Graduating to a better venue


Oct. 7, 2010, 2:16 p.m. | 13 years, 5 months ago


This article was written by the Silver Chips Print Editorial Board and is intended to represent the official views of the newspaper.

At the inaugural senior class meeting this September, Blair administrators announced that this year's class of 2011 will graduate at the Daughters of the American Revolution (DAR) Constitution Hall – and that senior classes will continue to use the venue for commencement "forever." The declaration was a decisive blow for Blair, because DAR Constitution Hall is an insufficient facility for graduation. At a time when budgets are shrinking and enrollment is expanding, the scramble for a suitable venue is understandable. But there are better and more viable options for Blair, and MCPS and Superintendent Jerry Weast are standing in their way.

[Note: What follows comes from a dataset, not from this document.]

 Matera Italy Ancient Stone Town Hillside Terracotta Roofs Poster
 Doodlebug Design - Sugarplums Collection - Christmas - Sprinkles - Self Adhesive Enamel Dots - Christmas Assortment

Let us be clear: The Blair administration and community deserve none of the blame. Senior class advisor Claudette Smith, in particular, has proven to be a worthy asset for Blazers, working in past years to create a system that provides seniors with additional tickets for graduation, beyond the four seats to which DAR Constitution Hall's size restricts Blazer families. The Blair Parent-Teacher-Student Association (PTSA), led capably by Pete Lafen, has provided Blazers with the facts through its exhaustive surveys of graduation options in previous years. But the need for Ms. Smith and Mr. Lafen to navigate around such problems at all only highlights the inadequacies of the venue itself.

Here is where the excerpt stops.